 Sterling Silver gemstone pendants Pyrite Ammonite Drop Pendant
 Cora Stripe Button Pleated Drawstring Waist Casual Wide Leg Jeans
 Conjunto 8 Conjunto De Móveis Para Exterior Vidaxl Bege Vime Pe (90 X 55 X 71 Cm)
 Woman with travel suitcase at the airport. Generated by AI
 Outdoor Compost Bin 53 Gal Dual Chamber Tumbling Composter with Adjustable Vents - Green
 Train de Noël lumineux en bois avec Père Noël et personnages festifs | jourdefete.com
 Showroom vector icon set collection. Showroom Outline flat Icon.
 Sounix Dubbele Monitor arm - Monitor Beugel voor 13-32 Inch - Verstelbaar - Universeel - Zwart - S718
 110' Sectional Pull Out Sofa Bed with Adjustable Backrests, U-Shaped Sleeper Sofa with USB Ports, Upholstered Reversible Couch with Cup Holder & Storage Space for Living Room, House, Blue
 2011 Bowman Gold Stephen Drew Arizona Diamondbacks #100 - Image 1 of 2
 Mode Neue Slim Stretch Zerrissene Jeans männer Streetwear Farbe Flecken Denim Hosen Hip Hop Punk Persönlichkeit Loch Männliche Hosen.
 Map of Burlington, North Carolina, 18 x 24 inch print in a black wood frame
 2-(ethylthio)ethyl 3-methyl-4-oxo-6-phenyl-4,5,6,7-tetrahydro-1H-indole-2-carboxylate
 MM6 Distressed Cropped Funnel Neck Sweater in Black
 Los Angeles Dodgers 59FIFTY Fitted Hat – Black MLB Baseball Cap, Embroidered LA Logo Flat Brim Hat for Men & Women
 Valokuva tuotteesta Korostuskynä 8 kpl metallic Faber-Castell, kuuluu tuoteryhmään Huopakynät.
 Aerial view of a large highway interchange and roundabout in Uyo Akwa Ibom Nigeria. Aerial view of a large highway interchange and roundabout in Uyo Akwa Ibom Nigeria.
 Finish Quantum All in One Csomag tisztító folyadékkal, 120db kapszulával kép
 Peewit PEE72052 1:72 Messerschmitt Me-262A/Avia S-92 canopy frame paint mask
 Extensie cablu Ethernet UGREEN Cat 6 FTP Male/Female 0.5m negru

#### Brief:
Each entry shown above should be copied out exactly.

#### Your solution:
 Sterling Silver gemstone pendants Pyrite Ammonite Drop Pendant
 Cora Stripe Button Pleated Drawstring Waist Casual Wide Leg Jeans
 Conjunto 8 Conjunto De Móveis Para Exterior Vidaxl Bege Vime Pe (90 X 55 X 71 Cm)
 Woman with travel suitcase at the airport. Generated by AI
 Outdoor Compost Bin 53 Gal Dual Chamber Tumbling Composter with Adjustable Vents - Green
 Train de Noël lumineux en bois avec Père Noël et personnages festifs | jourdefete.com
 Showroom vector icon set collection. Showroom Outline flat Icon.
 Sounix Dubbele Monitor arm - Monitor Beugel voor 13-32 Inch - Verstelbaar - Universeel - Zwart - S718
 110' Sectional Pull Out Sofa Bed with Adjustable Backrests, U-Shaped Sleeper Sofa with USB Ports, Upholstered Reversible Couch with Cup Holder & Storage Space for Living Room, House, Blue
 2011 Bowman Gold Stephen Drew Arizona Diamondbacks #100 - Image 1 of 2
 Mode Neue Slim Stretch Zerrissene Jeans männer Streetwear Farbe Flecken Denim Hosen Hip Hop Punk Persönlichkeit Loch Männliche Hosen.
 Map of Burlington, North Carolina, 18 x 24 inch print in a black wood frame
 2-(ethylthio)ethyl 3-methyl-4-oxo-6-phenyl-4,5,6,7-tetrahydro-1H-indole-2-carboxylate
 MM6 Distressed Cropped Funnel Neck Sweater in Black
 Los Angeles Dodgers 59FIFTY Fitted Hat – Black MLB Baseball Cap, Embroidered LA Logo Flat Brim Hat for Men & Women
 Valokuva tuotteesta Korostuskynä 8 kpl metallic Faber-Castell, kuuluu tuoteryhmään Huopakynät.
 Aerial view of a large highway interchange and roundabout in Uyo Akwa Ibom Nigeria. Aerial view of a large highway interchange and roundabout in Uyo Akwa Ibom Nigeria.
 Finish Quantum All in One Csomag tisztító folyadékkal, 120db kapszulával kép
 Peewit PEE72052 1:72 Messerschmitt Me-262A/Avia S-92 canopy frame paint mask
 Extensie cablu Ethernet UGREEN Cat 6 FTP Male/Female 0.5m negru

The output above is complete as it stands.